What is expected:
How many of the lines below contain the word "Large"? Only the number is wanted.

Dataset excerpts:
= Beginning of Section =

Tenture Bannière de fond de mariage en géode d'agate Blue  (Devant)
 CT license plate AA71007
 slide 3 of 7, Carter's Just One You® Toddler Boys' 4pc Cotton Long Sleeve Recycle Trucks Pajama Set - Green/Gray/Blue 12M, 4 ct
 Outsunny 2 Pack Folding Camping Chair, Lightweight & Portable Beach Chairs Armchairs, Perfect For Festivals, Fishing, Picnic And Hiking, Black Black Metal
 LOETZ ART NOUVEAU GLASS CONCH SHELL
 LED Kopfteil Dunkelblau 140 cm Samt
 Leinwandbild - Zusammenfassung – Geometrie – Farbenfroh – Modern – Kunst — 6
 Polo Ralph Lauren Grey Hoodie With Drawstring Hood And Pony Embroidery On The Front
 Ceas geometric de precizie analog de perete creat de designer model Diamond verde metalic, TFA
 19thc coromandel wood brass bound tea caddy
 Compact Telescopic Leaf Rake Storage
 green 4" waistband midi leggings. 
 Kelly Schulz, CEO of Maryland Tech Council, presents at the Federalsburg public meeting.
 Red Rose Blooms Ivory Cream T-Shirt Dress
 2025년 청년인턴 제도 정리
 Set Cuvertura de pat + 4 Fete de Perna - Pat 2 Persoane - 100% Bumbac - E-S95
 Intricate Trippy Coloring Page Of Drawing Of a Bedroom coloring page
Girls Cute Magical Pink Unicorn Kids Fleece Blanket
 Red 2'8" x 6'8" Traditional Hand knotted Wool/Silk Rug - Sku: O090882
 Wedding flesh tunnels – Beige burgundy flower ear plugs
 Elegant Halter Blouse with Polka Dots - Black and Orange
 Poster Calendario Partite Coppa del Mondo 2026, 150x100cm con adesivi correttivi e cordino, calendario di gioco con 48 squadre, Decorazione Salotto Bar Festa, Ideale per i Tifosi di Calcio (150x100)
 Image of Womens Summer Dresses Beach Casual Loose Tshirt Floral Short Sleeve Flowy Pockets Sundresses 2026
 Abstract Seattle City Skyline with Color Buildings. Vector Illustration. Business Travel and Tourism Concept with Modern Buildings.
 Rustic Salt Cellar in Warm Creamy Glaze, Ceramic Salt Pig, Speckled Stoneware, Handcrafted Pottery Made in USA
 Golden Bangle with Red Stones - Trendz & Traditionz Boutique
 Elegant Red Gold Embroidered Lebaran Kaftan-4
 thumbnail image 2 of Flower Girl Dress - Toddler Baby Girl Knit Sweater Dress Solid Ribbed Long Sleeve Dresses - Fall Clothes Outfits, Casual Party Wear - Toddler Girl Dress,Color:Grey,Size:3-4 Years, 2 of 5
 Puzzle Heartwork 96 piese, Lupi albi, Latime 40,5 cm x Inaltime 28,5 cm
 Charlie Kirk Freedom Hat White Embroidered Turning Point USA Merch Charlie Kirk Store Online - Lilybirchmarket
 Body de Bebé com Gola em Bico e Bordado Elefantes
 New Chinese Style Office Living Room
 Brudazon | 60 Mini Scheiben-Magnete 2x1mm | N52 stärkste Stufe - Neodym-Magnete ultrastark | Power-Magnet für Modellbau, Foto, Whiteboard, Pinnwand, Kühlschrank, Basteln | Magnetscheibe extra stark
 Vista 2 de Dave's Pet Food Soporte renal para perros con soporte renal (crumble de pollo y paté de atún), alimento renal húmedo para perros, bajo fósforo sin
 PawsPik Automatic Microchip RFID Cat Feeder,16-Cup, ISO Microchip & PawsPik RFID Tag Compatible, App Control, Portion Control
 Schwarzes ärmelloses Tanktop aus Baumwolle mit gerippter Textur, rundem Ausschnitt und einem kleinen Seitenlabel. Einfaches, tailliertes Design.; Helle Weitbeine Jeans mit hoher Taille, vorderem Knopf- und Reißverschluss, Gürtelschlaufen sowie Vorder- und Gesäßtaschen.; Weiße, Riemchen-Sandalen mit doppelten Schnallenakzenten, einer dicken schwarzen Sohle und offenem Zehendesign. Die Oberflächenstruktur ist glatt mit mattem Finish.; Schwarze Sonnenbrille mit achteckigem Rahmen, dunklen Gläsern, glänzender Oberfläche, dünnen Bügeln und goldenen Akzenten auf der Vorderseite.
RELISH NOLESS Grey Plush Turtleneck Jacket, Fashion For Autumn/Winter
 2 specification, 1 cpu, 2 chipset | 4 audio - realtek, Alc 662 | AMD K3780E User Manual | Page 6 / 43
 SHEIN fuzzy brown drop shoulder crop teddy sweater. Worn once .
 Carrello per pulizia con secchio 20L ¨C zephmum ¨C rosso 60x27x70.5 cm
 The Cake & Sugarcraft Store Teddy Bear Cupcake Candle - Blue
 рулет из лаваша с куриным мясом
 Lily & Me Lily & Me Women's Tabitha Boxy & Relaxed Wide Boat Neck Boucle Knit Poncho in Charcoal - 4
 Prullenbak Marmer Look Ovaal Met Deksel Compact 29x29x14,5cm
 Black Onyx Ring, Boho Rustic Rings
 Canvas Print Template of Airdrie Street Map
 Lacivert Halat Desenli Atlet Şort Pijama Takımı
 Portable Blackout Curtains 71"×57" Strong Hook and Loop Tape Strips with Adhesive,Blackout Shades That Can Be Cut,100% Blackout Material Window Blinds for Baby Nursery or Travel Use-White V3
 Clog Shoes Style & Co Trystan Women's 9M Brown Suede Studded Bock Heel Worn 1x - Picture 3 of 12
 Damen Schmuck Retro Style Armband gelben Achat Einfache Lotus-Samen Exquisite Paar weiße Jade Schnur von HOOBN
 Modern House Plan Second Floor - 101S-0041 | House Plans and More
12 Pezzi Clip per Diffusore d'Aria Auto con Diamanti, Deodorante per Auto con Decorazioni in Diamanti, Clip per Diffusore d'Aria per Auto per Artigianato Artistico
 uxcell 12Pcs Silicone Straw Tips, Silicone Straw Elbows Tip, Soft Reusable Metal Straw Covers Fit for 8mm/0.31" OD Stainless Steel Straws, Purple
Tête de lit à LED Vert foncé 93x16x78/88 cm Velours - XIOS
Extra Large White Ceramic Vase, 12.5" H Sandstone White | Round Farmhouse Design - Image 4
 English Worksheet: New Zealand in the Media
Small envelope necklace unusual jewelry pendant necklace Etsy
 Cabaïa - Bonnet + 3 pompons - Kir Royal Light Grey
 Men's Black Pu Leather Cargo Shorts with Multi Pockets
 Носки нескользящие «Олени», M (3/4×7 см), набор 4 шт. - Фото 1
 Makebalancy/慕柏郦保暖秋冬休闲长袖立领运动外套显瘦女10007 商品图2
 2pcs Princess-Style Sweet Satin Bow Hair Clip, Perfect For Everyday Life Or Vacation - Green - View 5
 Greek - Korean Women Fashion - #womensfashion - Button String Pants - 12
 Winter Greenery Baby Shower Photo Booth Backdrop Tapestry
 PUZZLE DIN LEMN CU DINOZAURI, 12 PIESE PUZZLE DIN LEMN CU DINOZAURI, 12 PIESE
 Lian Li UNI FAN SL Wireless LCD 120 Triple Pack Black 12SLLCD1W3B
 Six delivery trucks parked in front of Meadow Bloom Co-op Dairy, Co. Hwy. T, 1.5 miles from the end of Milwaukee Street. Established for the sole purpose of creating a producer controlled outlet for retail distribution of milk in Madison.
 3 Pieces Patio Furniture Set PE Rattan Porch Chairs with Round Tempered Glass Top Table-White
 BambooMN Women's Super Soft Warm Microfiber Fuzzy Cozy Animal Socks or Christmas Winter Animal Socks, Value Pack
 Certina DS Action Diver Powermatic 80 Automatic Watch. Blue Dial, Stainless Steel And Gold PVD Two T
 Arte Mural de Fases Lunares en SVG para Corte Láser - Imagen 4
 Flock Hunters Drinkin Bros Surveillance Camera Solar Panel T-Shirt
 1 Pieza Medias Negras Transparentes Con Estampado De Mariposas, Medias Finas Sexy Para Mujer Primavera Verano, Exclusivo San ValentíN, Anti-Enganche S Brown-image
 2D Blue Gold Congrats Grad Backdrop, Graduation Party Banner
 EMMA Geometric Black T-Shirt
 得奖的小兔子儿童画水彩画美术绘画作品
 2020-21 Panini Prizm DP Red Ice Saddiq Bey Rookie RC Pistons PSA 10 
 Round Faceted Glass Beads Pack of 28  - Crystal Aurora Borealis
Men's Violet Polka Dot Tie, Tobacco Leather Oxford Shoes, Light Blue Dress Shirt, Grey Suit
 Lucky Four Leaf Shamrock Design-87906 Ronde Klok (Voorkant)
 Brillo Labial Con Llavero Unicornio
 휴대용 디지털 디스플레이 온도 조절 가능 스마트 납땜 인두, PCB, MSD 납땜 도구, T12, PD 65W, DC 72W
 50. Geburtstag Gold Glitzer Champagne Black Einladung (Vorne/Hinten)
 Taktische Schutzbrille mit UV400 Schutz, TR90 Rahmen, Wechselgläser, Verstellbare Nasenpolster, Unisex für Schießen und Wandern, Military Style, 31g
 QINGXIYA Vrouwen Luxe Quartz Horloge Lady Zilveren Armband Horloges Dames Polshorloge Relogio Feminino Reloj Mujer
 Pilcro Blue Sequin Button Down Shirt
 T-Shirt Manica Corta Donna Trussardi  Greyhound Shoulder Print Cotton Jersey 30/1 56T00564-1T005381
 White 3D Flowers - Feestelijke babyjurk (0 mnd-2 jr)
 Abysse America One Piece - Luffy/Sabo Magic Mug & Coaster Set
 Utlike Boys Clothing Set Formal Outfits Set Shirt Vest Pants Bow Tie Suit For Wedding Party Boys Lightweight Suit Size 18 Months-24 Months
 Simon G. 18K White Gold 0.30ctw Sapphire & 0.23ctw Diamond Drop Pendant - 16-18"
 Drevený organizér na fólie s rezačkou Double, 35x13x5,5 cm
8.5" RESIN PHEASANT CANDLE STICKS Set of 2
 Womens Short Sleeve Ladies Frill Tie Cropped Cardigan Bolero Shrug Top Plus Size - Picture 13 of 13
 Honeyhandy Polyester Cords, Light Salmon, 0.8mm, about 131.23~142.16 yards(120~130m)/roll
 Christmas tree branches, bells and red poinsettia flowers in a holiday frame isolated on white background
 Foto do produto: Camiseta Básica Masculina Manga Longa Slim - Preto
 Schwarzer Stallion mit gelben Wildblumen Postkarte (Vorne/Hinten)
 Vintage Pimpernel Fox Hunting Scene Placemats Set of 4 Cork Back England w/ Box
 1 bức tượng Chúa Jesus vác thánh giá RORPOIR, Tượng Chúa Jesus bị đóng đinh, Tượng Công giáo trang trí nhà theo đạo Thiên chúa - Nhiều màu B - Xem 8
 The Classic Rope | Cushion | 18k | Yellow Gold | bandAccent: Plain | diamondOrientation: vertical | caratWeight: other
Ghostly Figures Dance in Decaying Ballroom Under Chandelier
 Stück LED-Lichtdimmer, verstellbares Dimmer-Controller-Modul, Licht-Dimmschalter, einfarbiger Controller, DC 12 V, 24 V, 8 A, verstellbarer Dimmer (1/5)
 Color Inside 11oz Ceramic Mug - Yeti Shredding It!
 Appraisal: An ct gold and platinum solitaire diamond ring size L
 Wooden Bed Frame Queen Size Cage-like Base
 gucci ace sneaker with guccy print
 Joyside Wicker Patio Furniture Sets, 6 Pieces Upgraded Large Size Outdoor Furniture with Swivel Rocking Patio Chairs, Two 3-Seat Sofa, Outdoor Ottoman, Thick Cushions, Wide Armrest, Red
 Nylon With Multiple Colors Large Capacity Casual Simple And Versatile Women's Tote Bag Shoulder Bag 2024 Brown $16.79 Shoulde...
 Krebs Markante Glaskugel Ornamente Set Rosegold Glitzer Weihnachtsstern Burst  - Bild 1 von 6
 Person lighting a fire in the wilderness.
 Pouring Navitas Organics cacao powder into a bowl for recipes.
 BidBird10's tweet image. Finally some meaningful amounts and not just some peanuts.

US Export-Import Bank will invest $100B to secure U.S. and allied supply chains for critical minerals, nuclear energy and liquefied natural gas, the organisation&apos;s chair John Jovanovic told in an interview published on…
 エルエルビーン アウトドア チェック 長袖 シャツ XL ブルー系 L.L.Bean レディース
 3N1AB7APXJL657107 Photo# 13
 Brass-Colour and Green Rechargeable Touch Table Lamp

= End of Section =

Solution for this task:
3